_What you will do_
Only some lines are wanted: please transcribe exactly those from the one containing "銀歯だらけの口の中を改善したいの治療後" through the end of the data, pictures excluded.

_Data to use_

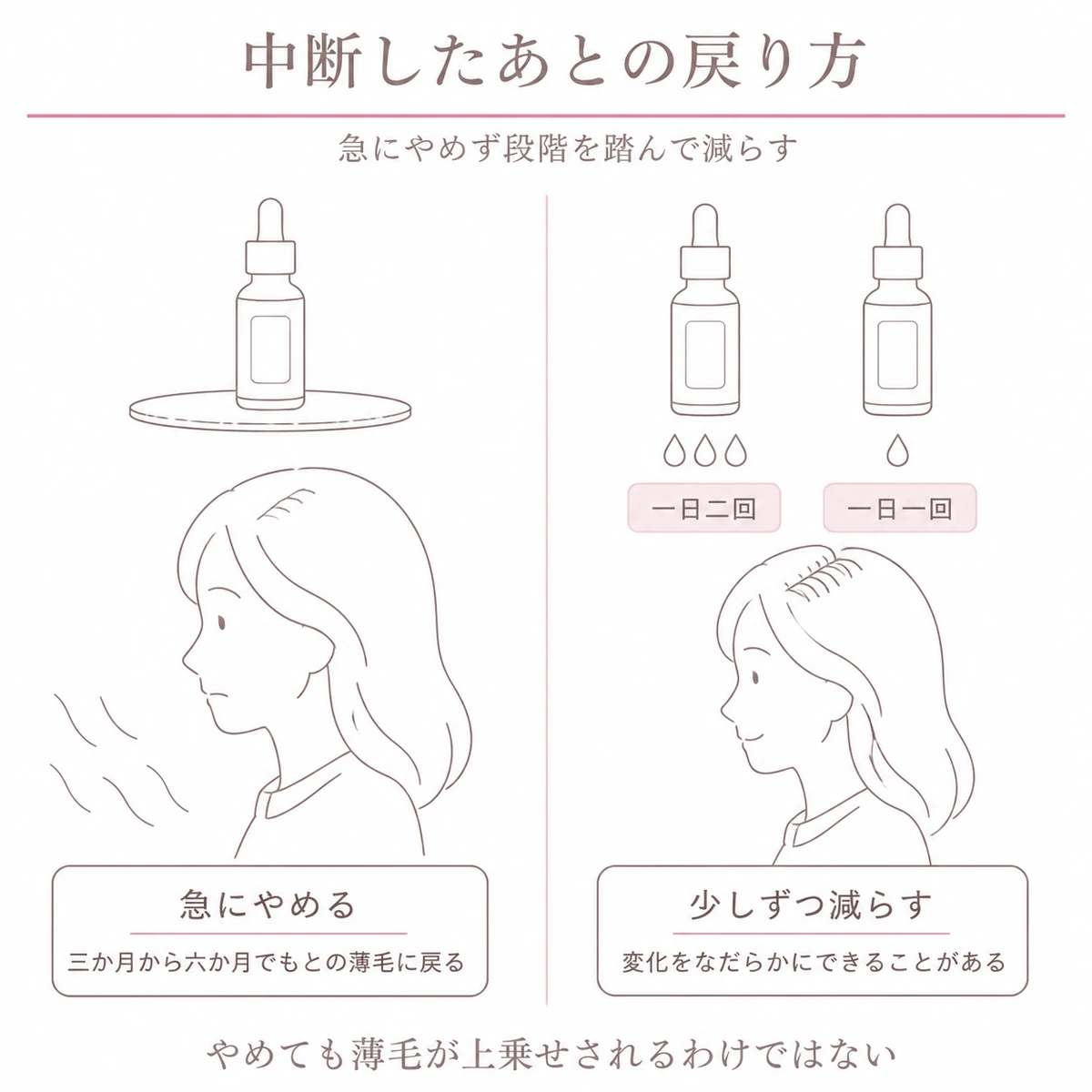 育毛剤を急にやめた場合と少しずつ減らした場合で毛量の変わり方がどう違うかを左右に分けて見比べたイラスト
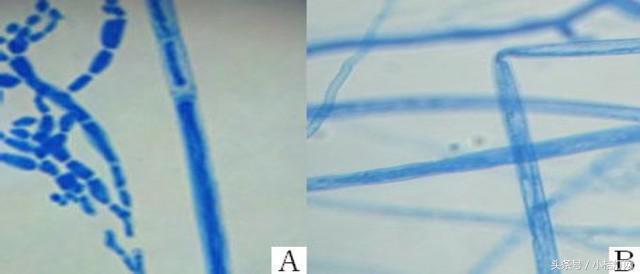 ivd基础知识大全,真菌检测要点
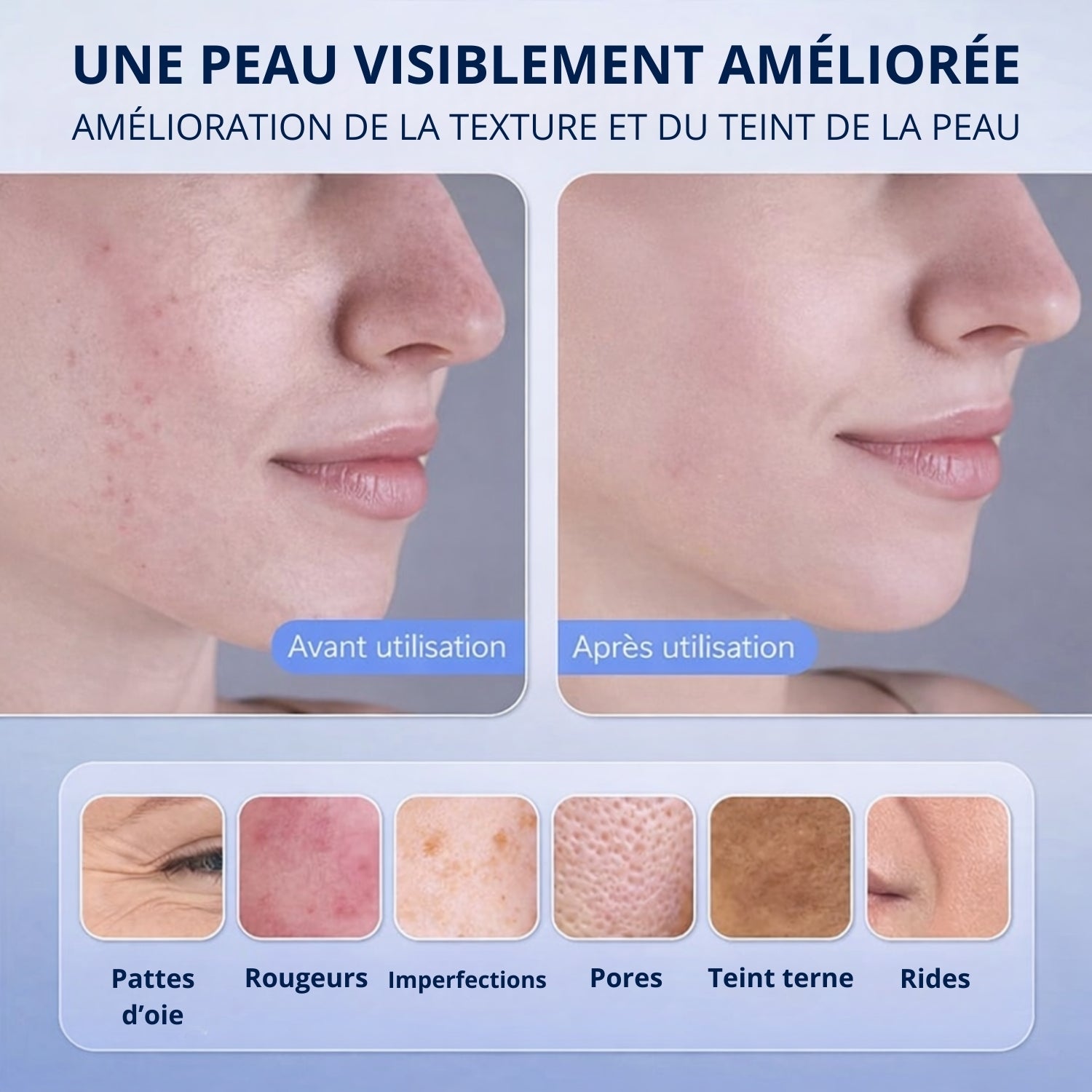 Resultats avant apres du masque LED visage sur la texture de la peau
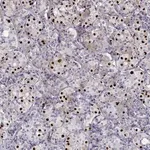 Merck Anti-TBX19 antibody produced in rabbit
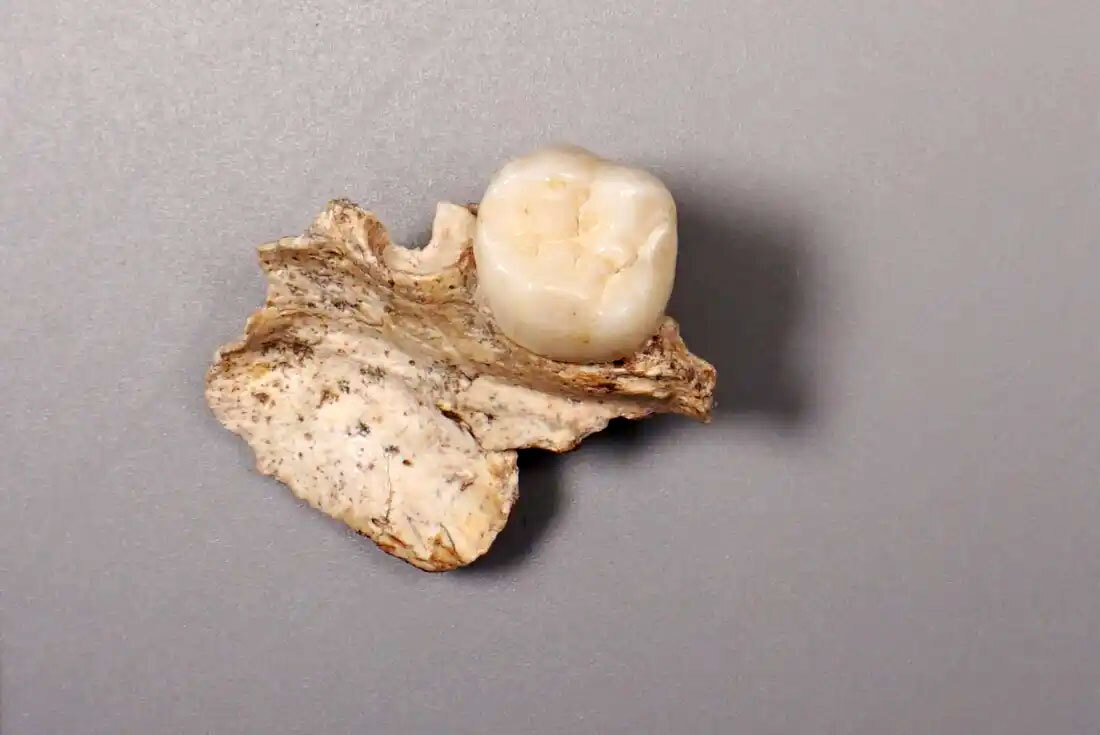 Денисовцы и Homo erectus могли скрещиваться, показало исследование ископаемых зубов
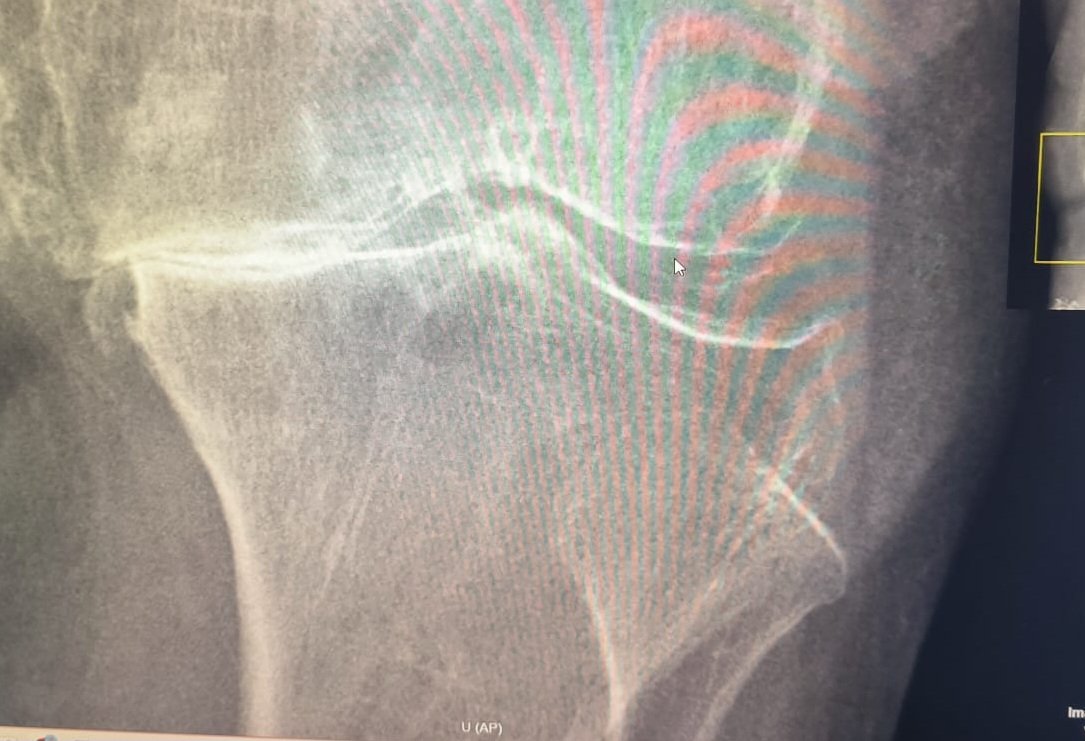ConsejosReumato's tweet photo. La enfermedad por cristales de  #pirofodfstocálcico ocasiona ataques de #seudogota y también hallazgos radiológicos como la #condrocalcinosis que se ve en la RX de #rodilla . La TEM de #tórax además revela condrocalcinosis en el #hombro derecho. #pseudogout #knee #chest #CPPD https://t.co/gfMRD4HSqY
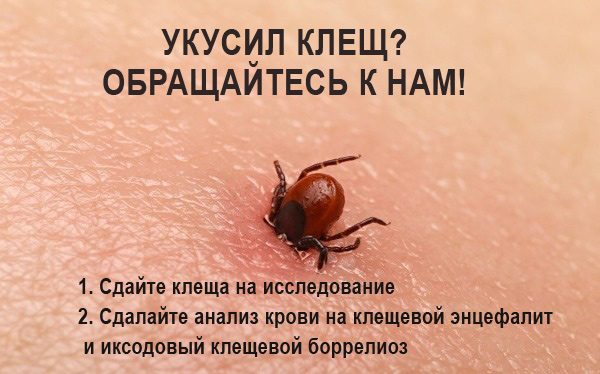 ЧТО ДЕЛАТЬ, ЕСЛИ УКУСИЛ КЛЕЩ?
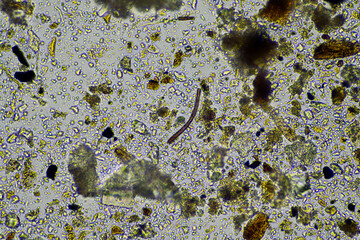 microorganisms and soil biology, with nematodes and fungi under the microscope. in a soil and compost sample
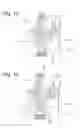 Fig. 08 - Torsional vibration damper
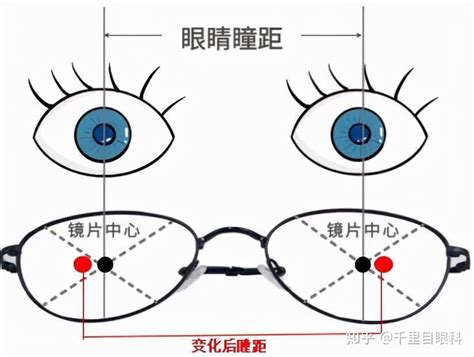 6种瞳距测量大全_亿超眼镜网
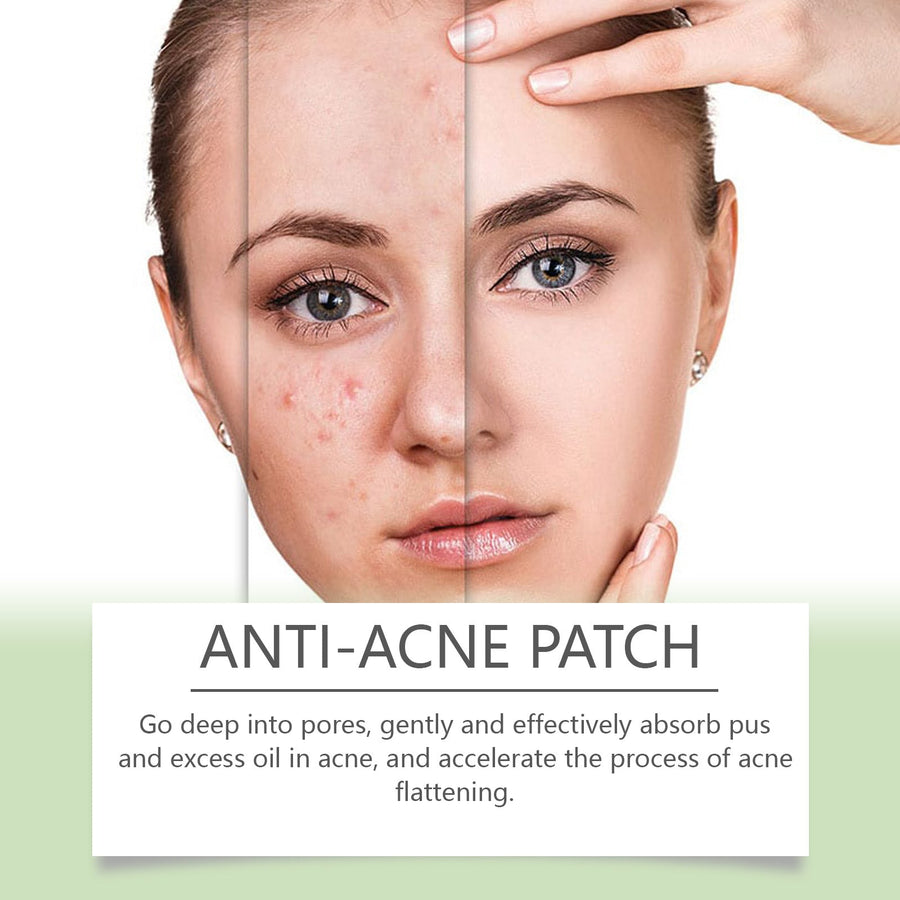 Anti-Acne Patches - Gentle Herbal Blemish Spot Treatment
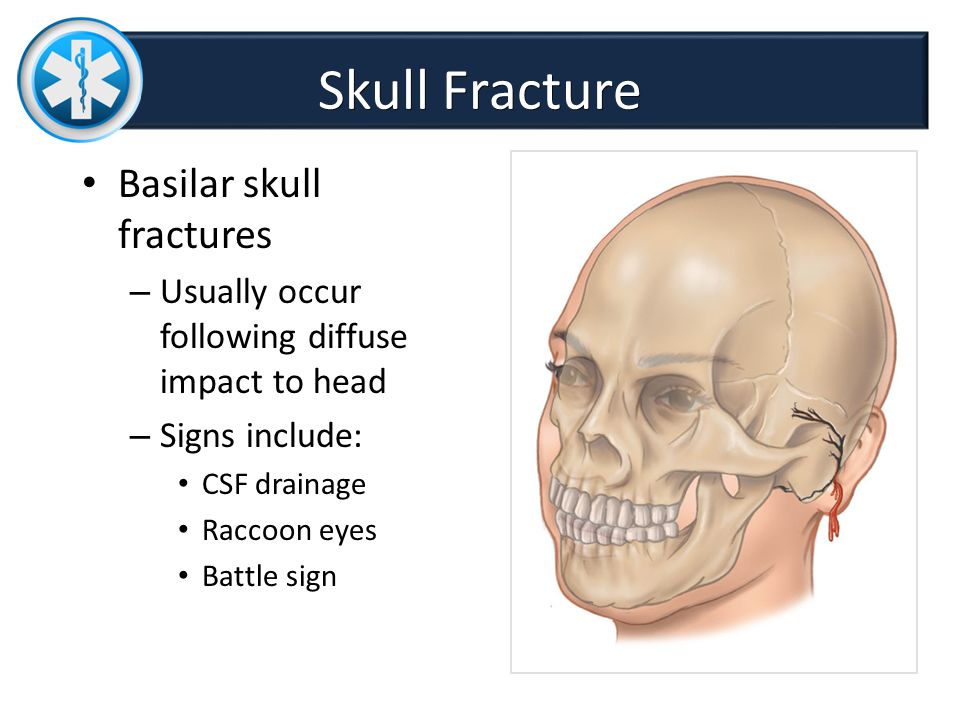 Skull+Fracture+Basilar+skull+fractures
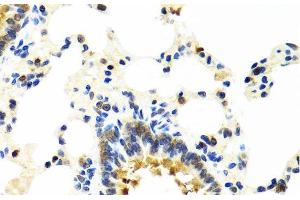 Immunohistochemistry of paraffin-embedded Rat lung using CRTAP Polyclonal Antibody at dilution of 1:100 (40x lens). (CRTAP 抗体)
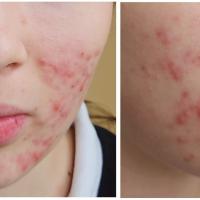 Papules, pustules, and nodules in a…
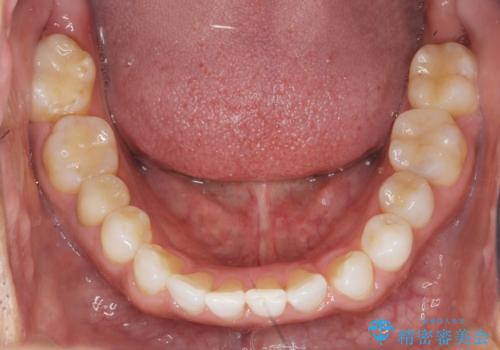 銀歯だらけの口の中を改善したいの治療後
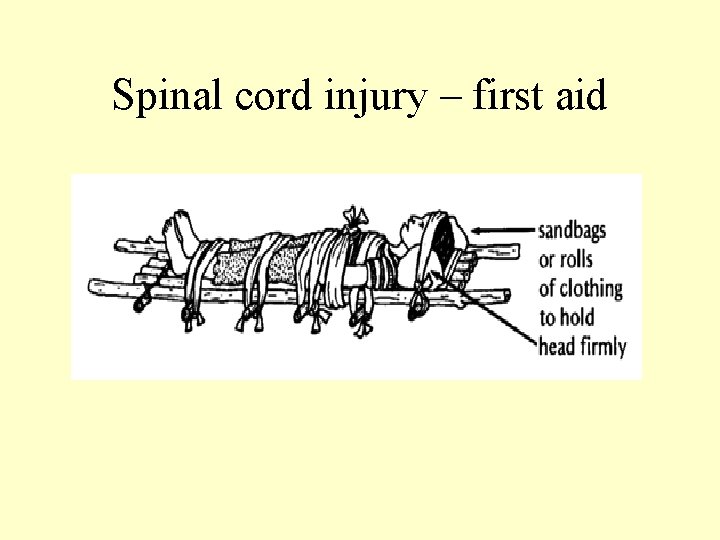 Spinal cord injury – first aid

_Answer for this exercise_
 銀歯だらけの口の中を改善したいの治療後
 Spinal cord injury – first aid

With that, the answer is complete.